When multiplayer games become overrun with cheaters, honest people will either stop playing or they will restrict their play to password protected games between friends they trust. In fact, several online games have, at one time another, seen a huge exodus of players due to cheating. Age of Empires comes to mind, and America's Army had become almost unplayable prior to the introduction of Punkbuster. Multiplayer Web games and poker rooms are also frequently targeted by cheaters, particularly when there is money at stake.
The gaming community has always been on the forefront of efforts to keep the contest fair. Server admins have long been circulating lists of known cheaters and implementing ways to check client game files for alterations.

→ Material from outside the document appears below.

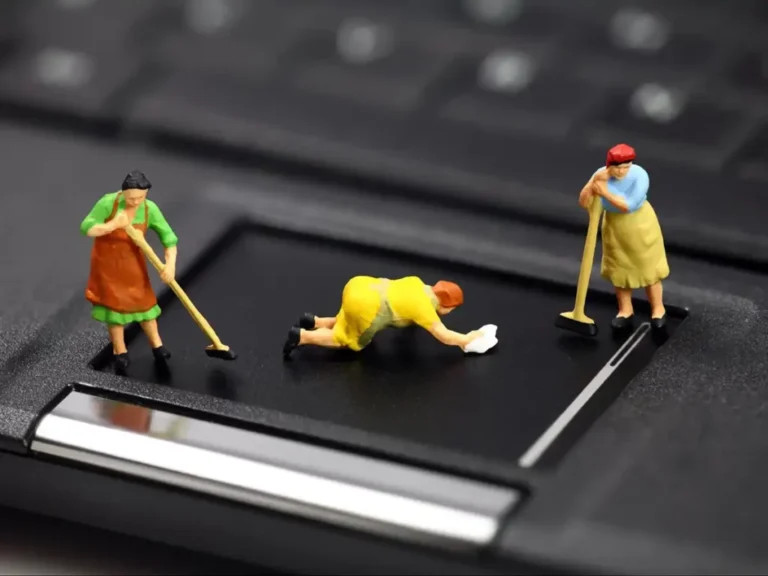 Miniature figurines on top of a laptop.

People started looking for more comprehensive ways to combat the problem, and finally solutions such as Even Balance's Punkbuster software emerged. Punkbuster is now used by over a dozen retail titles, making it the most common anti-cheat software used in online action games.
Subscription games like Ultima Online and EverQuest have even more at risk because a loss of players is directly linked to a loss of income. They've had to make catching cheaters a priority right from the start, but they also have the advantage of controlling the servers the game is played on. When a problem is discovered, it's relatively easy to make changes and/or ban the culprits. Today's MMORPGs operate under the watchful eye of large contingents of game masters, and it's still impossible to ensure that there are no shenanigans going on. The most one can hope for is that the shenanigams will be discovered and correctly quickly.
How Cheaters Cheat
Unfortunately, there are a tremendous variety of ways to cheat in most online games. One common form of cheating is to collude with other players or members of the opposite team. It's not difficult to use communications outside of the game, such as an instant messenger or telephone, to gain an advantage over other players. The effectiveness of this varies from one game to another, but there is really no way to stop it at this point in time.